High tech : Les Palestiniens, solutions à la pénurie d’employés israéliens ?
Plus de 3 000 étudiants palestiniens décrochent chaque année un diplôme, ce qui crée un excédent de jeunes talents, aptes à combler les besoins du secteur israélien

Les compagnies de high-tech israéliennes ont commencé à réaliser que la solution à leur pénurie de ressources humaines pourrait se trouver à deux pas de chez elles… en Cisjordanie.
Plus de 3 000 étudiants décrochent chaque année un diplôme en informatique ou en ingénierie à l’université An-Najah, en Cisjordanie, ce qui crée un excédent de jeunes talents palestiniens. Bien qu’il n’occupe que peu de place sur une mappemonde, l’Etat d’Israël est un véritable géant de la high-tech, et cela représente une opportunité de taille pour les Palestiniens.

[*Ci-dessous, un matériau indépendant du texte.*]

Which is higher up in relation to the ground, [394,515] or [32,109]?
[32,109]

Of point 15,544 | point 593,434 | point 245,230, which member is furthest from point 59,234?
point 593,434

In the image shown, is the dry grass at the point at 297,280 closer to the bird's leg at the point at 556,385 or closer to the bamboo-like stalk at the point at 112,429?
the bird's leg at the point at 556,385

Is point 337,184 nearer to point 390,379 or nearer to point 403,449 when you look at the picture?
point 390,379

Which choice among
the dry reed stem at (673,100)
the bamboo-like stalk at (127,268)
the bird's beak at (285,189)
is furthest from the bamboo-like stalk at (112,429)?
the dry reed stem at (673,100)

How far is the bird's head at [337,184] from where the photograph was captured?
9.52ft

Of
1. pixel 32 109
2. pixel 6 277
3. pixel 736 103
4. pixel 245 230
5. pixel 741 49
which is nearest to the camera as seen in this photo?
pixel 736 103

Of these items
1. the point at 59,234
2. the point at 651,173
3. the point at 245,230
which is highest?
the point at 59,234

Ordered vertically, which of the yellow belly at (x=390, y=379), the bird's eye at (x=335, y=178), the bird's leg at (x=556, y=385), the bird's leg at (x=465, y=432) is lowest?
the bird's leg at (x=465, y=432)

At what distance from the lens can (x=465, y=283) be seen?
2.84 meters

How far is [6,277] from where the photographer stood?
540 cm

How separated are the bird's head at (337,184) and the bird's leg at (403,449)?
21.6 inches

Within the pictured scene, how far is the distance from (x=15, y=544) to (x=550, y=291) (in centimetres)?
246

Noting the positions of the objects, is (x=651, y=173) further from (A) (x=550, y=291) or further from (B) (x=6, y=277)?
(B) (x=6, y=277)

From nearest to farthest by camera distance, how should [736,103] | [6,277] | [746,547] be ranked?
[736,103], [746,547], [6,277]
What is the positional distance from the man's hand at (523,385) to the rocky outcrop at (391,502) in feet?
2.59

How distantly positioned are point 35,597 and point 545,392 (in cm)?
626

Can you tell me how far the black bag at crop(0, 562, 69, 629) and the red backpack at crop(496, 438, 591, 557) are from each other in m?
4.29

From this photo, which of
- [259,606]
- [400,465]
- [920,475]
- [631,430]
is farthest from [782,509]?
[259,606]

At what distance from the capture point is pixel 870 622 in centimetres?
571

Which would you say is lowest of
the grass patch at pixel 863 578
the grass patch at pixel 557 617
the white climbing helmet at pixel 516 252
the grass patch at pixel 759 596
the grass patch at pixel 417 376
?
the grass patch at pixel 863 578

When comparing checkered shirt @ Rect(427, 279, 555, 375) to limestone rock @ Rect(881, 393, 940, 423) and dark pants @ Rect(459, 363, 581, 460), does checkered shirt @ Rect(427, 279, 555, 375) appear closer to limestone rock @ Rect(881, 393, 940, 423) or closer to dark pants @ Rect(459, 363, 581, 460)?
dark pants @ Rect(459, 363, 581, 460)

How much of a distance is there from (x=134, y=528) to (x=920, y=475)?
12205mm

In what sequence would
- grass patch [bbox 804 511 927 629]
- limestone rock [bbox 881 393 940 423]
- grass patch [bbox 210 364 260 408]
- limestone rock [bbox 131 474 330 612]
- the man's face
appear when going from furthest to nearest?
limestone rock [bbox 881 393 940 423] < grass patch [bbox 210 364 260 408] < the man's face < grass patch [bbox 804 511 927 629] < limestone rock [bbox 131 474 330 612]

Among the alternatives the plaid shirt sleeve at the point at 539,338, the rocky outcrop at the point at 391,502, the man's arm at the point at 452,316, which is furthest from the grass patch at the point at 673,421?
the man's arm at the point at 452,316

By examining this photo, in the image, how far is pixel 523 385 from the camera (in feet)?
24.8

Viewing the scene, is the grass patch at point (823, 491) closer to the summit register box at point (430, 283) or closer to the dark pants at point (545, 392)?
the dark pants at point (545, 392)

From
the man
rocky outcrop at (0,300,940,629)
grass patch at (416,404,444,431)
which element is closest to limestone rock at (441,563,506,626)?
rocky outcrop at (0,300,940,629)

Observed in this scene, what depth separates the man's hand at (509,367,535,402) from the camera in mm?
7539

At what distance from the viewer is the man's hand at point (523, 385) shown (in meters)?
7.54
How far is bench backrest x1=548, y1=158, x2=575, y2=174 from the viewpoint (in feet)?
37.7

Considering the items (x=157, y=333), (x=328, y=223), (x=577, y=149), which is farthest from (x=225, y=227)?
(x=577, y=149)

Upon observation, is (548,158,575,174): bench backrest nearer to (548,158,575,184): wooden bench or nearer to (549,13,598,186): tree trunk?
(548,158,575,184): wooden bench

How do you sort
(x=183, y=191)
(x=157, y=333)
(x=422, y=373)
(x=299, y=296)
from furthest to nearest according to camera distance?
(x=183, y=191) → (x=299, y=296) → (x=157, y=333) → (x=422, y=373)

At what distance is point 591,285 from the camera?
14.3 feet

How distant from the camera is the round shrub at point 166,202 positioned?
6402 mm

« Nous avons des années de retard par rapport à la high-tech israélienne », affirme Ibrahim, un jeune Palestinien qui travaille pour ASAL Tech, une société de développement de logiciels et d’externalisation basée à Rawabi. « Mais nous espérons profiter un peu de cette expérience. »

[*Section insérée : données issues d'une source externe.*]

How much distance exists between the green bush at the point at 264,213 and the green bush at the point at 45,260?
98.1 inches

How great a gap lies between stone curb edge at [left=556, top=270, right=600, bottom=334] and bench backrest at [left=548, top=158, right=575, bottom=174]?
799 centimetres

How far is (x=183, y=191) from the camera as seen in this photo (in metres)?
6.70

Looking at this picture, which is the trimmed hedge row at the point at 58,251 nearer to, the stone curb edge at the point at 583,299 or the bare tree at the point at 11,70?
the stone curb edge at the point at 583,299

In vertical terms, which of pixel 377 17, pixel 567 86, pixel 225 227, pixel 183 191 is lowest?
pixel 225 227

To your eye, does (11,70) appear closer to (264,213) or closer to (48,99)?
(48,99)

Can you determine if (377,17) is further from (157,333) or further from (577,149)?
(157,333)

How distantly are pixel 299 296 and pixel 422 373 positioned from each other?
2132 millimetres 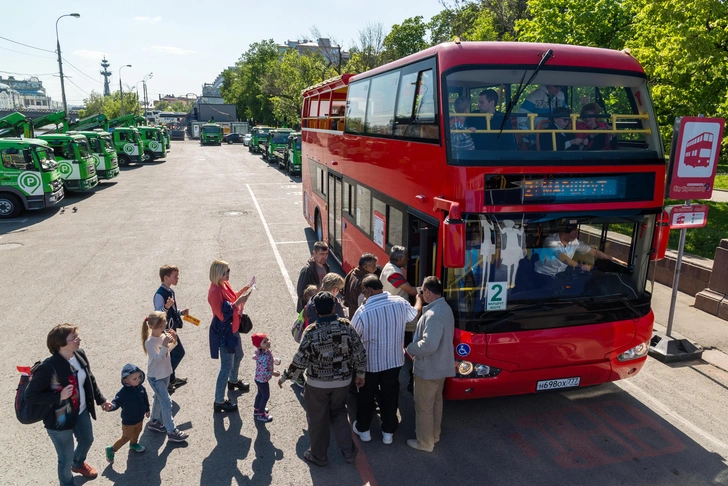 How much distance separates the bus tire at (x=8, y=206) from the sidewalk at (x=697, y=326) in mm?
19155

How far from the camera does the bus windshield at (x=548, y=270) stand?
5.08 meters

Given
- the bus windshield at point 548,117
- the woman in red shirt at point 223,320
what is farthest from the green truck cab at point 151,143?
the bus windshield at point 548,117

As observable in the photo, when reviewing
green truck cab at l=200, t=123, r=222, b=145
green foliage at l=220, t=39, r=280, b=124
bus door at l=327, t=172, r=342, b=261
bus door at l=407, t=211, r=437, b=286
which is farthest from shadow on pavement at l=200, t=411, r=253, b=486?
green foliage at l=220, t=39, r=280, b=124

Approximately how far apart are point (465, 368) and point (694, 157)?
4972 mm

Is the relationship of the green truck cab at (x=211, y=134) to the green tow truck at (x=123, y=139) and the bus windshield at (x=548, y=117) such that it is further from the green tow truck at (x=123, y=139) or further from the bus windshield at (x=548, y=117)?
the bus windshield at (x=548, y=117)

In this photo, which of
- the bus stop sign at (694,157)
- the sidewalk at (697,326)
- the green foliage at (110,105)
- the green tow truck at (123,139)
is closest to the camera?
the bus stop sign at (694,157)

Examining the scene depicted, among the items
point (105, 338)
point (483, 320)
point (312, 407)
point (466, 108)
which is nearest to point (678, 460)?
point (483, 320)

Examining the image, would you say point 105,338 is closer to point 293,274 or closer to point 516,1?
point 293,274

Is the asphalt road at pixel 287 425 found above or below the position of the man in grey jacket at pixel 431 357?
below

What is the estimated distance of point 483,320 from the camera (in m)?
5.14

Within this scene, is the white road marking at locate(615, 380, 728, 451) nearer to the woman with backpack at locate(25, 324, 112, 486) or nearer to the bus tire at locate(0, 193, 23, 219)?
the woman with backpack at locate(25, 324, 112, 486)

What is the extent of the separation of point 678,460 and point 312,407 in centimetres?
378

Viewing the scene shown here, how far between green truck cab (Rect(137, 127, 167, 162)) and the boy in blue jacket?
120ft

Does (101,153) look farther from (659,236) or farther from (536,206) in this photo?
(659,236) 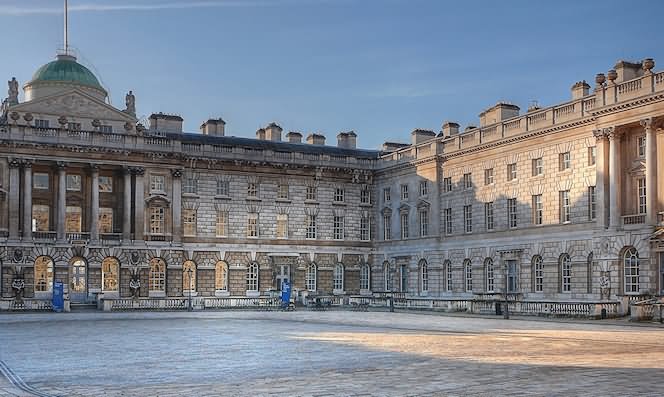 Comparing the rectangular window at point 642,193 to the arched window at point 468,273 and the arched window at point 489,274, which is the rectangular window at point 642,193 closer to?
the arched window at point 489,274

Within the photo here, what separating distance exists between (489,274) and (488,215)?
3864mm

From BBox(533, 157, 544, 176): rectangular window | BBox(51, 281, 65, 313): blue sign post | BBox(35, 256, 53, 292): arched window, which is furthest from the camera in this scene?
BBox(35, 256, 53, 292): arched window

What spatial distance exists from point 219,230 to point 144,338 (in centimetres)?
3818

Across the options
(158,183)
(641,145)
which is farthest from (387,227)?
(641,145)

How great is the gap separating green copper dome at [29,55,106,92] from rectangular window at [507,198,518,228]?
114 ft

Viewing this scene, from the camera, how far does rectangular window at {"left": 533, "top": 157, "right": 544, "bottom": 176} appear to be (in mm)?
53513

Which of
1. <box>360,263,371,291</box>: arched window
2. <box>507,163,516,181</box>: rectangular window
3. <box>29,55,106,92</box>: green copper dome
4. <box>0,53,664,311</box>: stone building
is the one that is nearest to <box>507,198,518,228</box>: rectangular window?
<box>0,53,664,311</box>: stone building

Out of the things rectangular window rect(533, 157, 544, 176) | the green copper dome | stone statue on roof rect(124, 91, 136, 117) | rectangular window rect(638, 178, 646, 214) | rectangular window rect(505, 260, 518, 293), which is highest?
the green copper dome

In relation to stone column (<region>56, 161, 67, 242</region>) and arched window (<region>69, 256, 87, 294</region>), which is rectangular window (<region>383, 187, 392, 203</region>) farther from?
stone column (<region>56, 161, 67, 242</region>)

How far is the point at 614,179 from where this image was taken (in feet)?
155

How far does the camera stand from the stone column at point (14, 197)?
199ft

Rawabi, fleuron palestinien de la technologie, est une ville-projet estimée à 1,4 milliard de dollars située entre Modiin (en Israël) et Ramallah (en Cisjordanie).

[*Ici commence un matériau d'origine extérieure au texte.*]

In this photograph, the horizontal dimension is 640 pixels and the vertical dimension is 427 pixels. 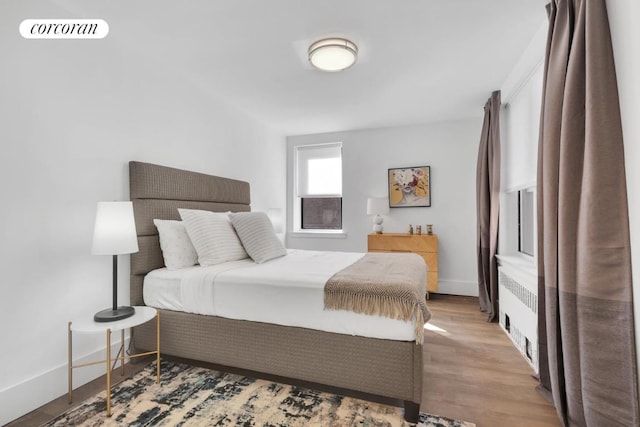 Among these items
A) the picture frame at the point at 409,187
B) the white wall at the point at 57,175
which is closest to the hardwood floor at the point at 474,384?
the white wall at the point at 57,175

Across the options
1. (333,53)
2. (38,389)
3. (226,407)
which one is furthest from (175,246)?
(333,53)

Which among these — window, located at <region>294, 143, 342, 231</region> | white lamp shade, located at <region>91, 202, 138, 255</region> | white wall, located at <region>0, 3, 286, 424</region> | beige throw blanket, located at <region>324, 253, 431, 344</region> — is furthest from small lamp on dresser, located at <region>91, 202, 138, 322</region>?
window, located at <region>294, 143, 342, 231</region>

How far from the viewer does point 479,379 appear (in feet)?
6.57

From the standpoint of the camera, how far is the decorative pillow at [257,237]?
254cm

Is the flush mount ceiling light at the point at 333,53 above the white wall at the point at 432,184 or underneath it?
above

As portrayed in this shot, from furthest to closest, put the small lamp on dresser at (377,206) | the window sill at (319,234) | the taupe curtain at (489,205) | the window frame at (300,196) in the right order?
the window frame at (300,196) → the window sill at (319,234) → the small lamp on dresser at (377,206) → the taupe curtain at (489,205)

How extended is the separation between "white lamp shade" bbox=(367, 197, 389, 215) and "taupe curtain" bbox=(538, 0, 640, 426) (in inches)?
105

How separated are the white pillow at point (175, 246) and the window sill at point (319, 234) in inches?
104

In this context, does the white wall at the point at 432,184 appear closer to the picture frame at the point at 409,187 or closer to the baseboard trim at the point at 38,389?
the picture frame at the point at 409,187

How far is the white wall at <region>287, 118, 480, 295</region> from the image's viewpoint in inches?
163

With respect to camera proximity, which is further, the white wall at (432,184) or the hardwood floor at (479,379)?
the white wall at (432,184)

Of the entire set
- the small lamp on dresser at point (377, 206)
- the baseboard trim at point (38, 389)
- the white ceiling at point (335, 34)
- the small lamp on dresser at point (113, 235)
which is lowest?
the baseboard trim at point (38, 389)

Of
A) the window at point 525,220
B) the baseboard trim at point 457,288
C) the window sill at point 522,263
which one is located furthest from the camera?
the baseboard trim at point 457,288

Le projet de Bashar Masri, un Palestino-américain milliardaire qui a fait fortune grâce à ses projets immobiliers au Maroc, en Jordanie et en Egypte, vise à créer des milliers de nouveaux emplois permanents dans la ville.

Mais Rawabi ne suffira pas à résoudre la crise de l’emploi palestinienne. Le taux de chômage dans les Territoires palestiniens a grimpé à 31,7 % pour le troisième trimestre 2018. A Gaza, selon une évaluation de la Banque mondiale, 54 % de la population active est sans emploi. En Israël, le taux de chômage est de 4 %.
Il n’est donc pas surprenant que de plus en plus de Palestiniens aient recours à des permis de travail en Israël. Plus de 100 000 Palestiniens travaillent actuellement en Israël, dont 30 000 sans permis.
Si obtenir un permis de travail auprès du ministère de l’Intérieur s’avère être une procédure simple, après vérification du casier judiciaire, trouver un emploi demeure une tâche plus ardue. De plus, de nombreux Palestiniens versent jusqu’à un tiers de leur salaires à des intermédiaires ou des agences de sous-traitance.
Construire des passerelles

C’est là qu’entre en scène le PIP, Palestinian Internship Program. Il s’agit d’un programme de stage, fondé en 2014 par l’investisseur israélo-américain Yadin Kaufmann, pour aider les jeunes Palestiniens à obtenir leur première expérience dans le secteur des start-up et de la high-tech.
Sa vision du programme consiste à construire des passerelles pour permettre aux Palestiniens de « créer leur propre start-up nation ».
« L’industrie de la high-tech israélienne s’est montrée très ouverte au PIP », déclare Anna Gol, directrice du programme.
« Nous avons actuellement 140 sociétés dans notre base de données, qui ont manifesté leur intérêt pour y participer, que ce soit en recevant un stagiaire, en organisant un atelier ou en étant un mentor pour les stagiaires. Mais nous avons besoin que davantage de compagnies s’impliquent et prennent un stagiaire ou deux. »
Israël cherche à exploiter de nouveaux talents, face à la pénurie d’employés qualifiés. Il y aurait entre 12 000 et 15 000 postes vacants. Cette pénurie serait une menace directe pour le secteur de la technologie, qui est le moteur de l’économie israélienne. Ce manque provient également du fait que de nombreuses compagnies israéliennes cherchent leur talents à l’étranger et les salaires versés montent alors en flèche.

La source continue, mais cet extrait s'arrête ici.